Food bank use is on the rise, in-work poverty has overtaken out-of-work poverty for the first time in the poorest parts of Birmingham and London1 and Oxfam has criticised2 austerity Britain’s benefit cuts, high prices and unemployment. Whilst the need for donations abroad remains, the increasing numbers of those in the UK who rely on charity means that UK-targeted poverty appeals are becoming more vital. According to Oxfam, Britain is turning into “one of the most unequal countries in the industrialised world”. But, amongst this struggle, charitable donations are decreasing. The UK needs more donations, but finds itself less able to provide.

Research from the University of Bristol and the Charities Aid Foundation (CAF)3 found that the UK public donated £9.3 billion to charity in 2011/12. This may seem impressive but it’s a decrease of £2.3 billion in real terms from the year before, a twenty percent plunge. Children’s charities have been hit particularly hard, suffering from government cuts accumulating to an estimated loss of nearly £405 million from 2011 to 20164. A further worry is those over 60 are twice as likely to give to charity as under 30s and six times more generous in their donations5. If a recently depressing job market has set habits for decades to come, this disparity may not be solvable by the younger generation simply growing up and the future of the charity sector could be in serious danger.

It must be asked ask how the charity sector will cope under the extra pressure placed on it by public spending cuts. People need to give more, but “every little helps” was worn out far before Tesco got hold of it. Knowing the very rich can donate more than some people’s annual income in a single transfer, it’s hard to believe the average person’s donation will make much of a difference. And there is the crux of the problem: unlike the two-way exchange between a consumer and a business, charitable donation depends on trust.
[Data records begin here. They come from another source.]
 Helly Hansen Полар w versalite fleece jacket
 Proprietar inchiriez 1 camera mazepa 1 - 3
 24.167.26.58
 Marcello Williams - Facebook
The donor receives nothing tangible and there’s no knowing whether the intended recipient does either.

But chucking awkward change into donation buckets may have more impact than possibly imagined. Individual donations are the largest source of income for charities and the typical gift is £106. We all know that even a small donation can have a big result if they’re given to a cause that really needs it. A great example is in 2008 when Obama raised $28 million, with ninety percent of donations from people who donated $100 or less. Small donations can be particularly helpful for small charities. A survey by Charity Choice revealed that five percent of UK charities receive eighty-five percent of donations. It’s no wonder that smaller charities are in decline7. A small donation within a large charity’s budget will seem insignificant but within a small charity it could make a real difference. Donations can go far if you give them a good send-off.
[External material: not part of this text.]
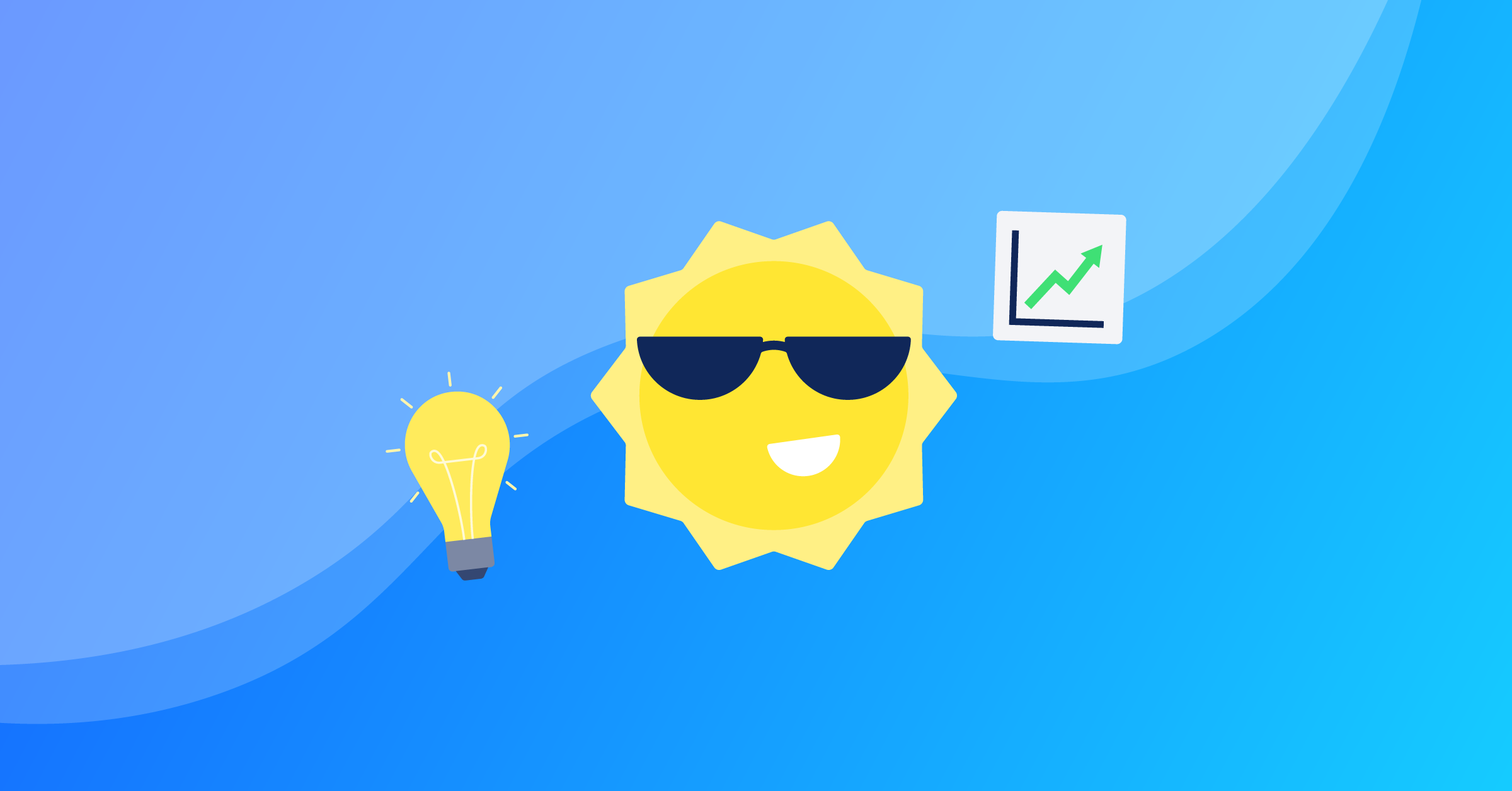 Facebook Giveaway Ideas: Late Summer Promotions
It makes sense that with less to give, many people give less and closer to home. Charity must have appeared a largely international affair throughout many childhoods. Much of my own geographical knowledge is dictated by the struggling regions splashed across news broadcasts and charity appeals. Yemen, Sudan and Libya. Kuwait, Somalia and Democratic Republic of the Congo. Foreign problems are a constant peripheral concern, but no more than that. The immediacy of my own needs, those of my friends, family and the UK fills most of my vision. To the distant donor, distinct appeals from abroad can – unfairly – become a single smear of guns, sand and blood which never seems to clear. Individual successes and failures can be lost in unending negative news stories. Very different to the street outside my house where I can see and feel each sun ray and raindrop.
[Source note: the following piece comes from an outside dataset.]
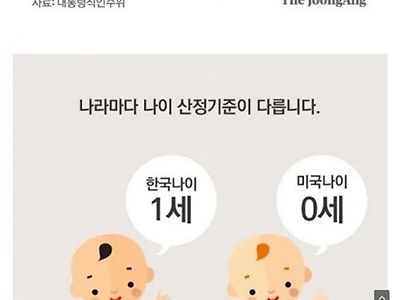 헷갈리긴 하지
Presumably then a cause closer to home would stir any hidden altruism of mine. Most donations out of the 76 percent of Brits who regularly donate to charity stay within the UK8.  UK donations are particularly urgent in light of Oxfam’s report suggesting that the number of children living in vulnerable families – that is, families with unemployment, depression, poor quality housing and poverty – may rise considerably to over one million by 2015. In conjunction with anger about foreign aid spending in times of austerity, perhaps people will be more willing to give to home charities9. Despite hard times, there is no reason we can’t still give: giving is universal, not exclusive to a particular cause or time. We gain satisfaction and reputation. We gain a community feeling. We feel good. A report by the CAF10 suggests that Britons were more generous in 2013 despite economic problems and the UK is top of the developed world for giving to charity. At odds with the rest of the UK population, affluent individuals donate more than those in France, Spain and Switzerland11.

If the coalition budget continues to work and the wealth truly does trickle down, maybe donations from across society will increase and this donation dip will be revealed as a short-term trend instead of an austerity-sparked habit which may be sustained for decades to come.